___ Source data

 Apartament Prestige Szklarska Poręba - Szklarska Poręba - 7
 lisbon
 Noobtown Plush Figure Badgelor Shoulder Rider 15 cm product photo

______

**Problem to solve:**
Each line above needs to be written out again exactly.

**Task solution:**
 Apartament Prestige Szklarska Poręba - Szklarska Poręba - 7
 lisbon
 Noobtown Plush Figure Badgelor Shoulder Rider 15 cm product photo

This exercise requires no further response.